Я поднялся и отошел к окну, и слезы невольно покатились по щекам, как я ни старался сдержать свои чувства. Мне стыдно сейчас вспоминать о своей слабости, неловко и писать об этом, но такой силы был удар, что и до сих пор при воспоминании об этом драматическом для меня эпизоде сердце мое учащенно начинает биться. Столько возлагалось надежд на эту статью.
– Витя, – понимая мое состояние, тихо произнес Валентин Сорокин, – клянусь тебе, что мы переиздадим твою книгу с этой твоей работой. Я ничего не мог сделать на этот раз, дошло до главного цензора, он-то и приказал снять.
Да, было время, что против цензуры никто не мог выступить.
Но время шло, разговоры о вмешательстве цензуры широко разошлись по нашим литературным кругам, началась борьба за восстановление книжки в полном объеме. И книжка вышла в 1976 году, как и замышлялось. И на этом настояло издательство благодаря Валентину Сорокину.
И что тут началось – просто трудно сейчас представить. Меня трепали, как только могли. Я чуть ли не предатель, знал, что подкидываю гнилой материал, и молчал. Предлагали писать объяснительные записки, в которых нужно только признать свои ошибки. Какие ошибки? В чем я ошибся? Ну что тебе стоит, Виктор Васильевич, уговаривал меня главный редактор Главной редакции художественной литературы Комитета по печати РСФСР Петр Александрович Карелин, написать, что ты не знал о Слащове всей правды, что он действительно повесил в Краснодаре нескольких рабочих...
Ну что я мог возразить? Не в Краснодаре, а в Симферополе...
А дело приобрело столь острый драматический разворот только потому, что Воронцову, помощнику Суслова, доложили, что в такой-то книге реабилитировали Слащова. Ну, Суслов просто пришел в ярость и приказал уничтожить весь тираж книги. Свиридов, председатель Комитета по печати РСФСР, попросил дать письменное распоряжение; тогда Воронцов позвонил председателю Комитета по печати СССР и предложил ему распорядиться об уничтожении тиража, но он тоже отказался! И тут я написал письмо М.В. Зимянину, которое и опубликовано в «Источнике».
«ДУХ ОСТАЕТСЯ, КАК И МЕТОДЫ ПОЛЕМИКИ»
О книге В. Петелина «Родные судьбы»
№1
«Уважаемый Михаил Васильевич!
Недавно в издательстве «Современник» вышла моя книга «Родные судьбы», в которой касаюсь некоторых сложных и спорных вопросов современного литературного движения. И вдруг разразилась гроза: кому-то показалось, что в книге допущены серьезные ошибки; меня начали вызывать для объяснений, поступил даже запрет продавать книгу, посыпались беды на голову руководства издательства и кому-то пришла в голову мысль лишить издательство вполне заслуженного им в ходе социалистического соревнования призового места за то, что оно выпустило «вредную» книгу.

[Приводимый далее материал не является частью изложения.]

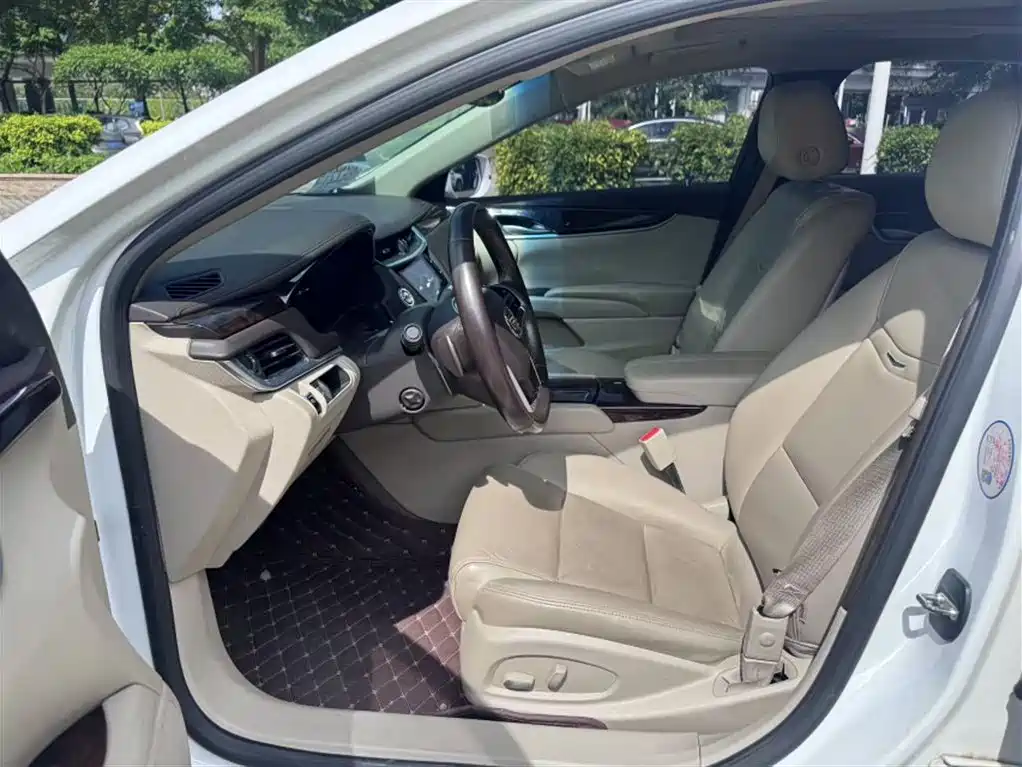 Cadillac XTS 2015 — фото 19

Подобным нападкам меня подвергают не впервые. В конце 1972 года в издательстве «Московский рабочий» вновь назначенный директор тов. Борисов М.А. чуть ли не пустил под нож вышедшую в свет мою книгу и «заморозил» на какое-то время ее тираж только за одно ее название: «Россия – любовь моя», усмотрев в этом проявление национализма и шовинизма. В 1974 году в издательстве «Современник» из первого издания книги «Родные судьбы» по независящим от издательства соображениям была изъята статья о творчестве Михаила Булгакова, чем книга была обескровлена, а мне, как критику, нанесена моральная травма.
Сейчас книга «Родные судьбы» увидела свет в том виде, как она задумывалась, но на нее, повторяю, обрушились гонения. Главный редактор издательства «Современник» укоряет меня в том, что я недостаточно ответственно отнесся к выпуску своей книги, что в ней есть неточности, неверные формулировки, которые якобы могут дать пищу моим недоброжелателям, а таковых предостаточно у каждого критика. Причем с каждым днем упреков в мой адрес становится все больше. Вначале упрекали только в том, что в статье о Михаиле Булгакове я недостаточно разоблачаю самого Хлудова, делаю его этаким «ангелочком с крылышками»; и наконец вроде бы я допускаю политический перекос в оценке некоторых болезненных явлений, происходивших во время коллективизации и после нее.